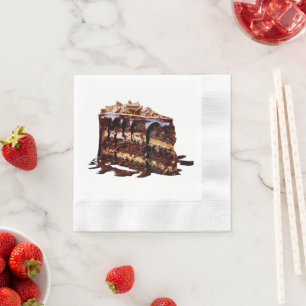 SlipperyJoe's indulgent multi-layer chocolate cake Napkin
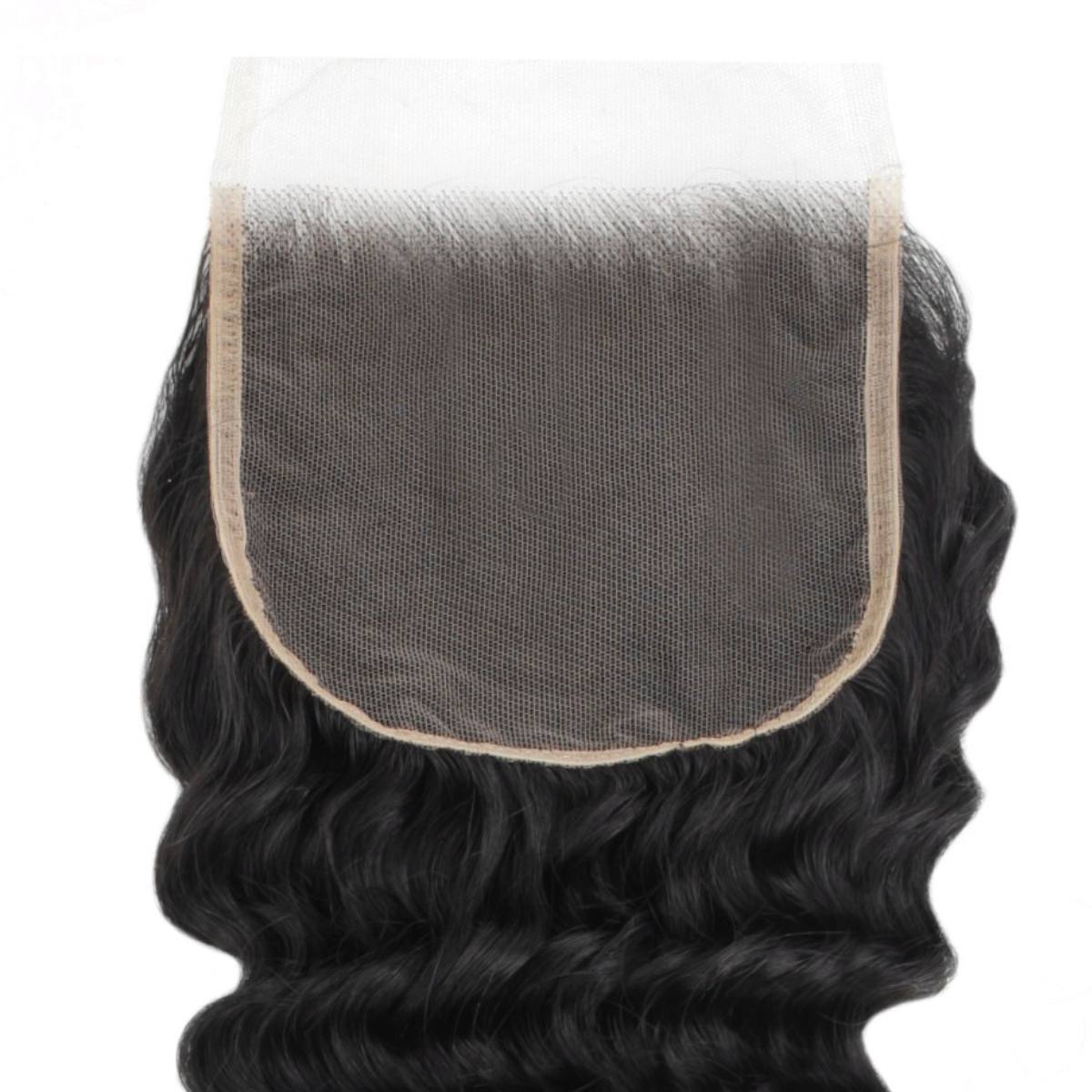 Deep Wave 5x5 Transparent Lace Human Hair Closure by Private Label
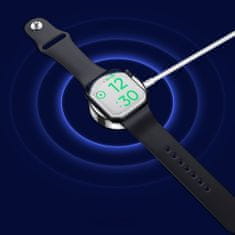 Joyroom Ben Series brezžični polnilna za Apple Watch + kabel USB / Lightning 1.5m, bela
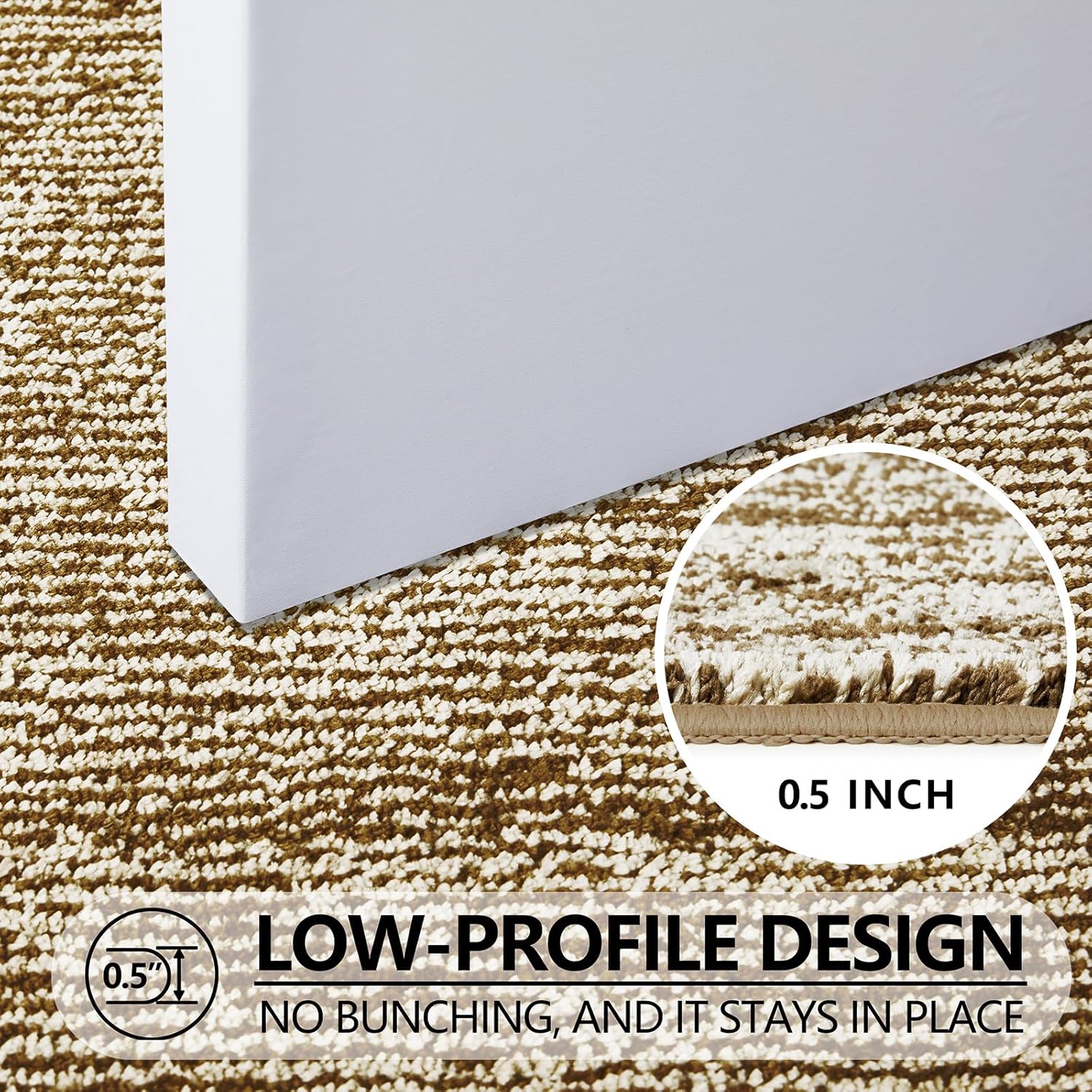 REFETONE Indoor Doormat, Front Door Mat 32"x40" Absorbent Rubber Backing Non Slip Back Door Mats, Washable Low-Profile Inside Floor Mat Door Rugs for Entryway, Resist Dirt Mud Mat for Dogs, Coffee - Image 4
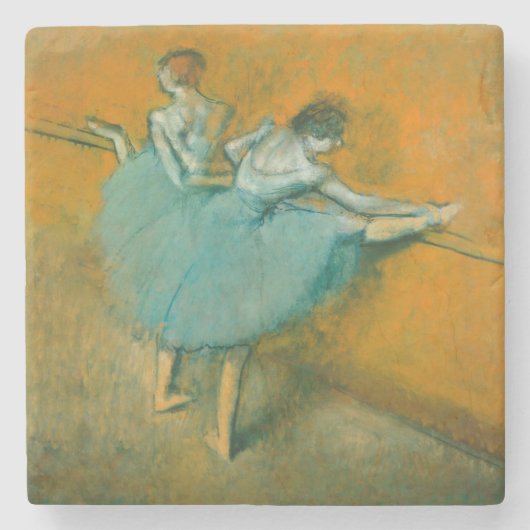 Degas Dansers bij het Bar Ballet Stenen Onderzetter (Voorkant)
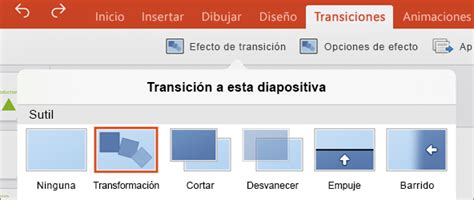 Usar la transición de morfo en PowerPoint para Mac, iPad y iPhone - Soporte de Office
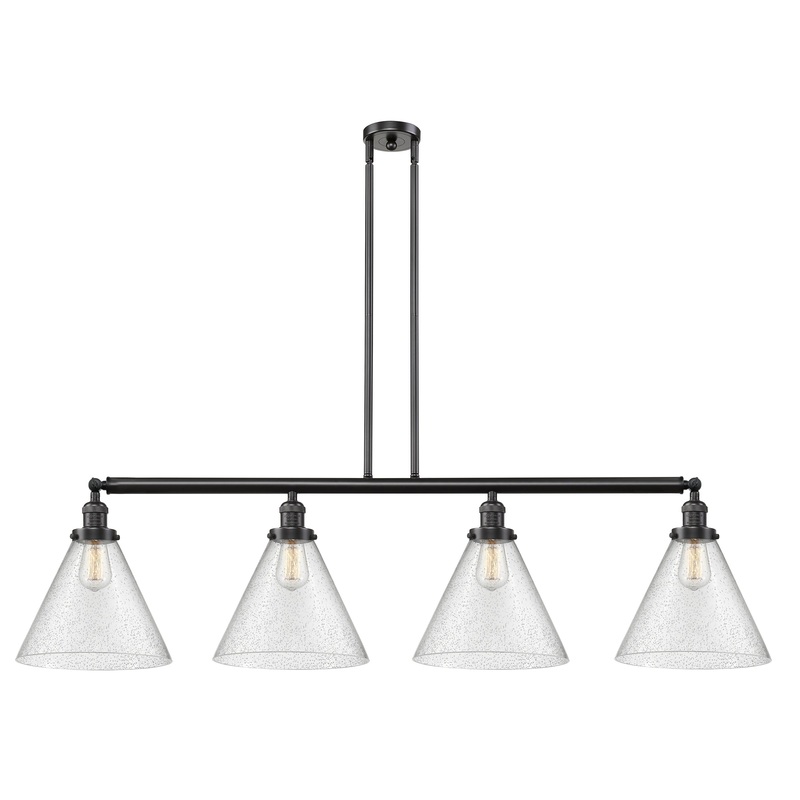Innovations Lighting X-Large Cone 4 Light Island Light Part Of The Franklin Restoration Collection 214-OB-G44-L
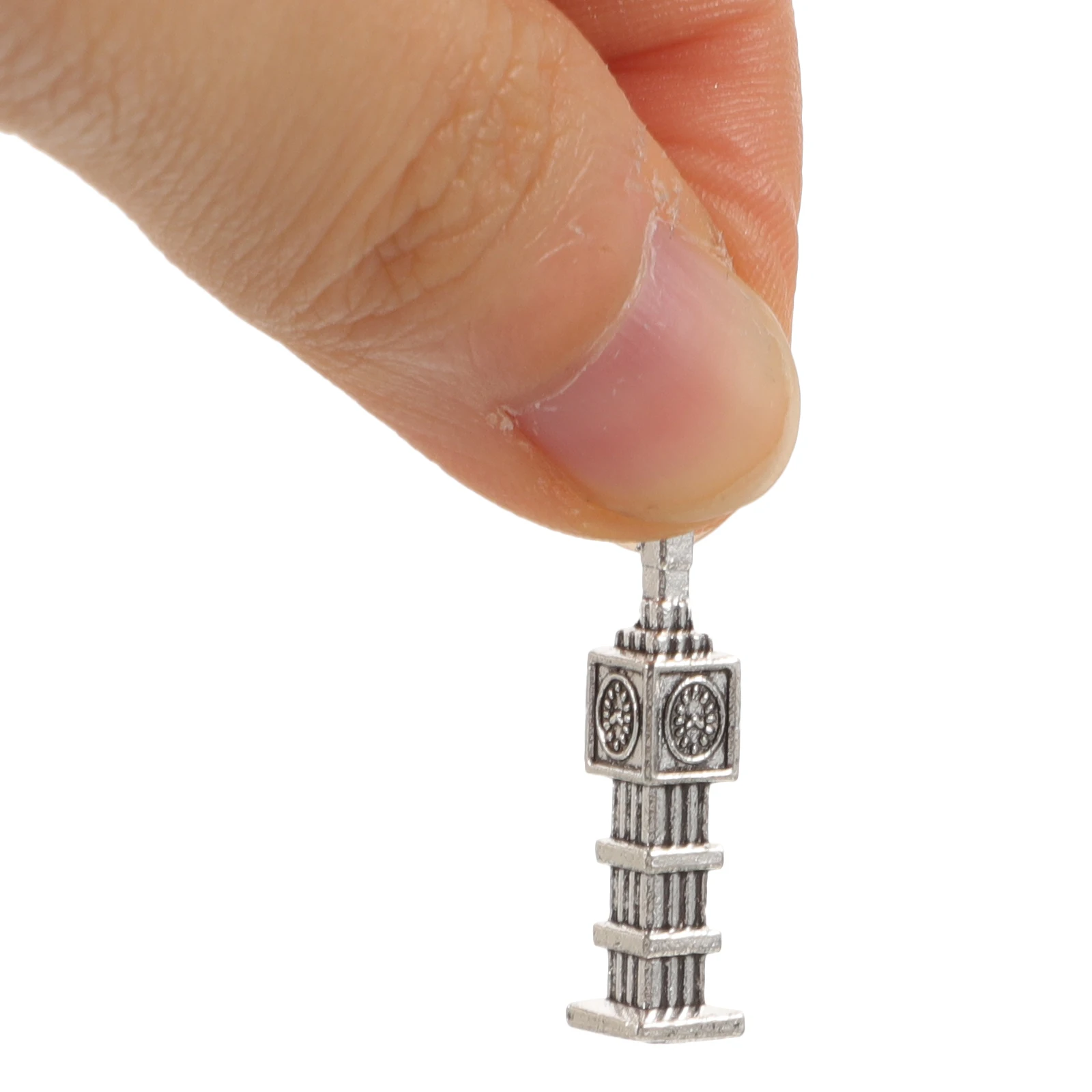

50pcs Vintage Pendant Charms For Necklace Alloy Architecture Jewelry Diy Decorative Pendant Neck Chain Ornament Women
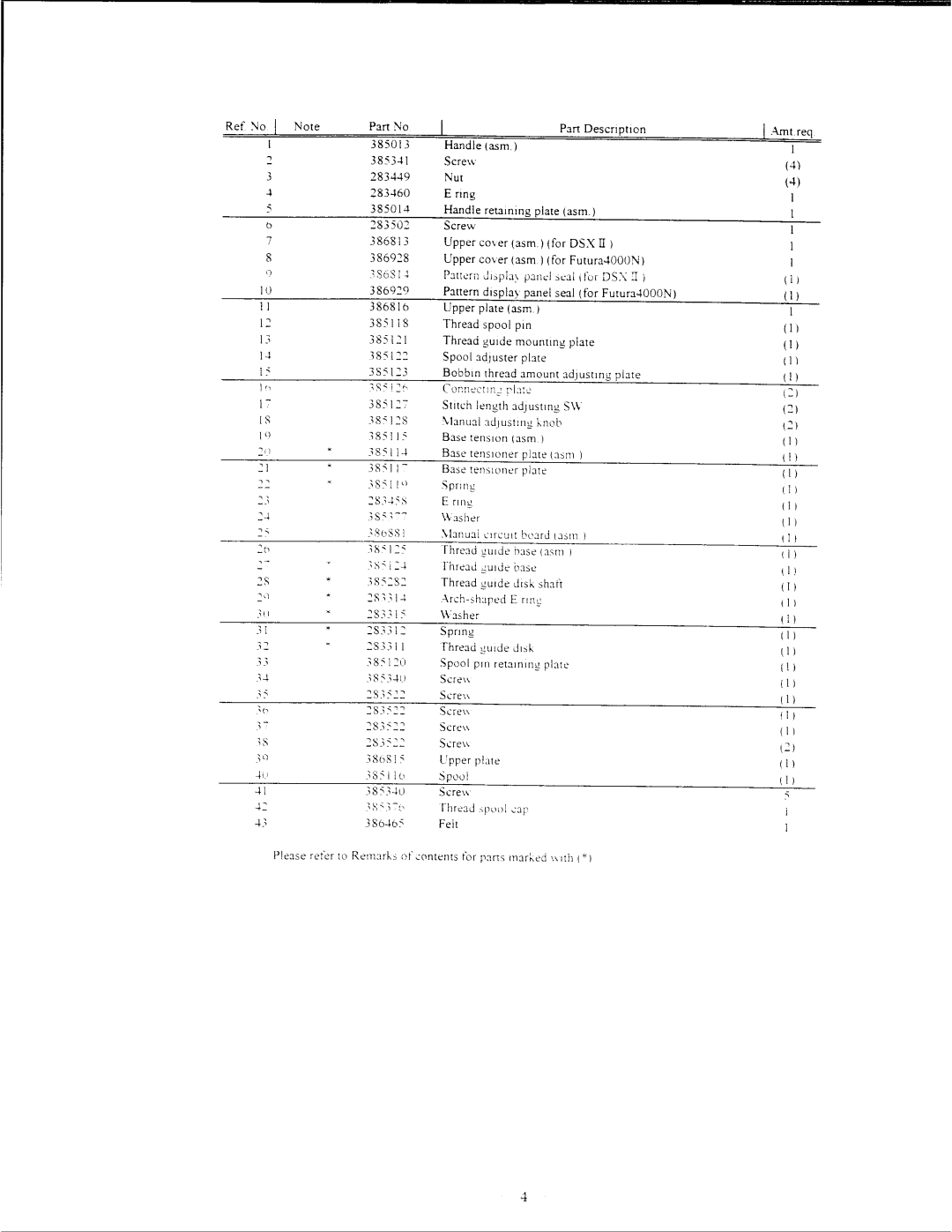Singer DSXII manual 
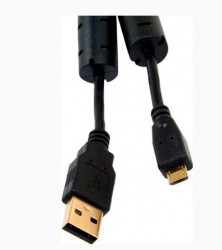 Кабель Defender  USB08-06PRO USB 2.0 AM-MicroBM.1.8м.зол.кон..2фил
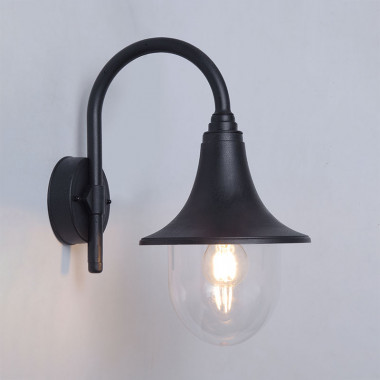 Crook Outdoor Wall Lamp in Black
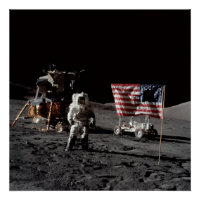 NASA-Apollo-17-Mondlandemission, 1972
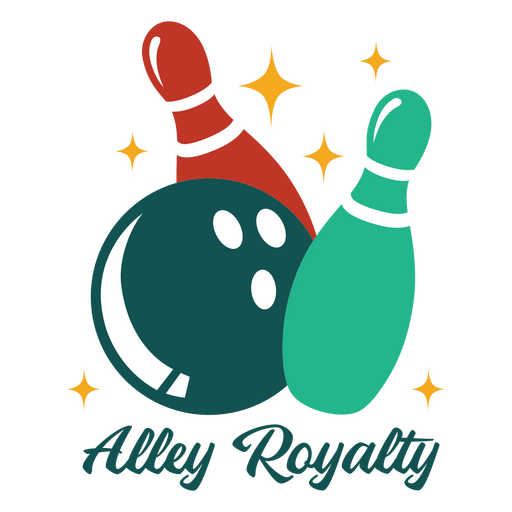 Alley royalty flat quote PNG Design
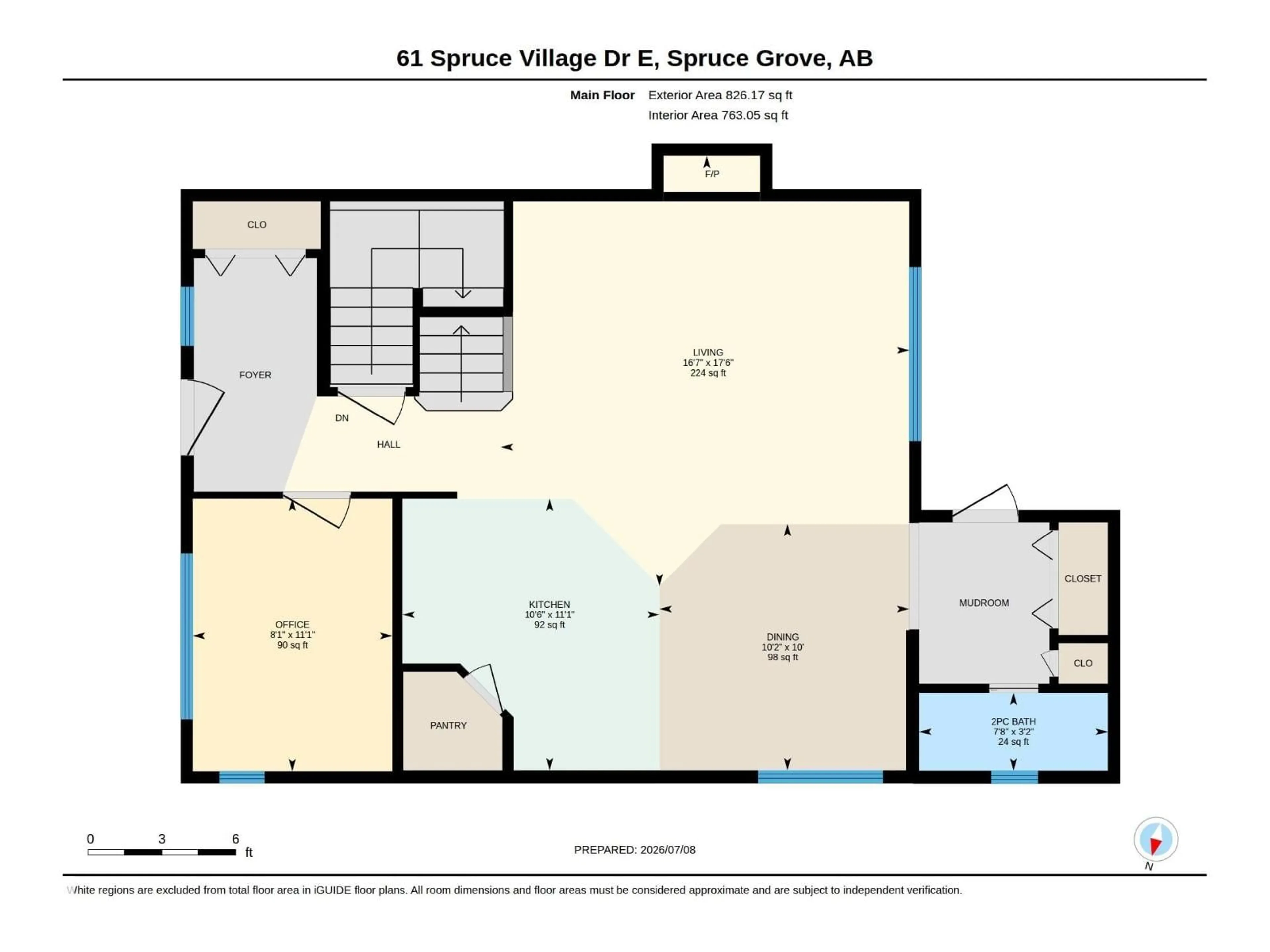 Floor plan for E - 61 SPRUCE VILLAGE DR, Spruce Grove Alberta T7X0H1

# # #

- **Work to complete**:
Set down all records verbatim, omitting images.

- **Answer area**:
 SlipperyJoe's indulgent multi-layer chocolate cake Napkin
 Deep Wave 5x5 Transparent Lace Human Hair Closure by Private Label
 Joyroom Ben Series brezžični polnilna za Apple Watch + kabel USB / Lightning 1.5m, bela
 REFETONE Indoor Doormat, Front Door Mat 32"x40" Absorbent Rubber Backing Non Slip Back Door Mats, Washable Low-Profile Inside Floor Mat Door Rugs for Entryway, Resist Dirt Mud Mat for Dogs, Coffee - Image 4
 Degas Dansers bij het Bar Ballet Stenen Onderzetter (Voorkant)
 Usar la transición de morfo en PowerPoint para Mac, iPad y iPhone - Soporte de Office
Innovations Lighting X-Large Cone 4 Light Island Light Part Of The Franklin Restoration Collection 214-OB-G44-L

50pcs Vintage Pendant Charms For Necklace Alloy Architecture Jewelry Diy Decorative Pendant Neck Chain Ornament Women
Singer DSXII manual 
 Кабель Defender  USB08-06PRO USB 2.0 AM-MicroBM.1.8м.зол.кон..2фил
 Crook Outdoor Wall Lamp in Black
 NASA-Apollo-17-Mondlandemission, 1972
 Alley royalty flat quote PNG Design
 Floor plan for E - 61 SPRUCE VILLAGE DR, Spruce Grove Alberta T7X0H1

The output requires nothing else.